Интерес к аномалиям у Арбус проистекает из желания расстаться с невинностью, избавиться от ощущения собственной привилегированности, выразить свое огорчение из-за того, что защищена. Помимо Уэста 1930-е годы дали мало примеров подобного умонастроения. Более типично оно для образованных представителей среднего класса, достигших совершеннолетия в период между 1945 и 1955 годами, и расцвело в 1960-х.

Десятилетие серьезной работы Арбус как раз и пришлось на 1960-е, когда аномальное вышло на публику и стало надежной, апробированной темой искусства. То, о чем в 1930-х говорилось с душевной болью – как в «Подруге скорбящих» и «Дне саранчи», – в 1960-х рассматривали не моргнув глазом или даже смаковали (в фильмах Феллини, Арабаля, Ходоровски, анде-граундных комиксах, рок-спектаклях). В начале 1960-х процветающее Фрик-шоу на Кони-Айленде было запрещено, требовали очистить Таймс-сквер от трансвеститов и проституток обоих полов и застроить небоскребами. Обитателей аномальных миров изгоняли с их ограниченных территорий – за нарушение общественного порядка, за непристойность или просто по причине неприбыльности, – и в это же время

они все сильнее внедрялись в сознание как материал искусства, обретая некую расползающуюся легитимность и метафорическую близость, которая на самом деле увеличивает дистанцию.

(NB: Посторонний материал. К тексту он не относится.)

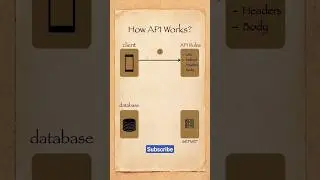 What is API ? #codingversion #api #programming #shorts #whatisapi @codewizkanchan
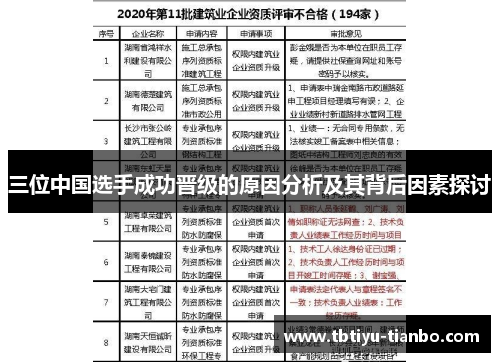 三位中国选手成功晋级的原因分析及其背后因素探讨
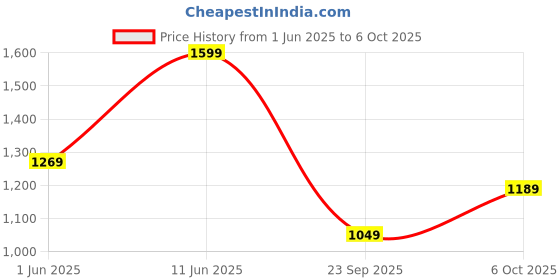 amazon.in Peter England Men's Solid Regular Fit Shirt peter england Price History Graph from 1 Jun 2025 to 6 Oct 2025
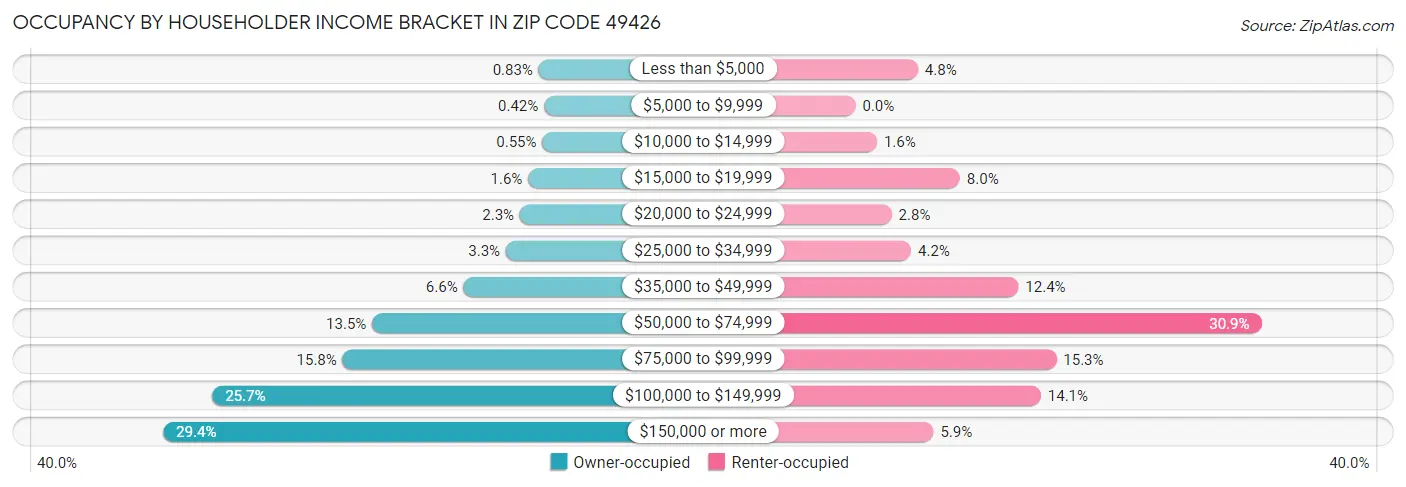 Occupancy by Householder Income Bracket in Zip Code 49426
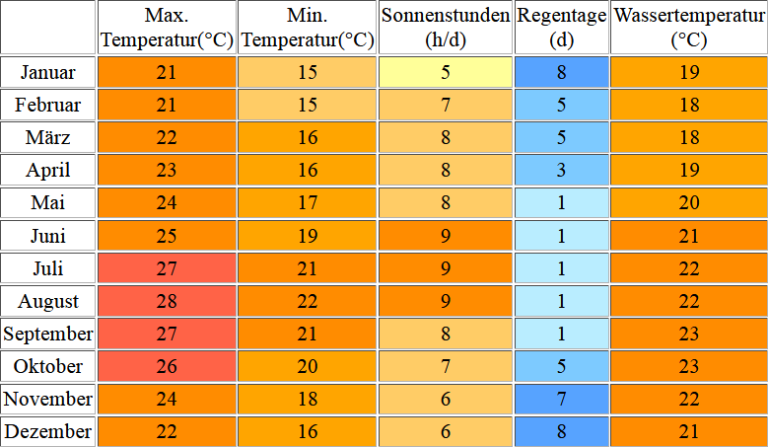 Wassertemperatur Gran Canaria: Aktuelle Wassertemperaturen   Wetter, Temperatur & Klima Gran Canaria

Кто мог лучше оценить по достоинству правду уродцев, чем Арбус, которая была по профессии модным фотографом – производителем косметической лжи, прикрывающей непреодолимое неравенство происхождения, класса и внешности? Но в отличие от Уорхола, много лет бывшего коммерческим художником, Арбус в своей серьезной работе не продвигала и не вышучивала эстетику гламура, в которой прошло ее ученичество, а повернулась к ней спиной. Ее работа была реакцией – реакцией на потуги элегантности, на общепринятое. Своими фотографиями она говорила: к черту «Вог», к черту моду, к черту все миловидное. Это восстание принимает две не вполне совместимые формы. Одна – бунт против гипертрофированного еврейского морализма. Другая, страстно моралистическая, – бунт против царства успеха. Моралистический протест прокламирует жизнь как неудачу, как противоядие от успеха. Эстетический протест, приватизированный 1960-ми годами, прокламирует жизнь как театр ужасов, как противоядие от жизни как скуки.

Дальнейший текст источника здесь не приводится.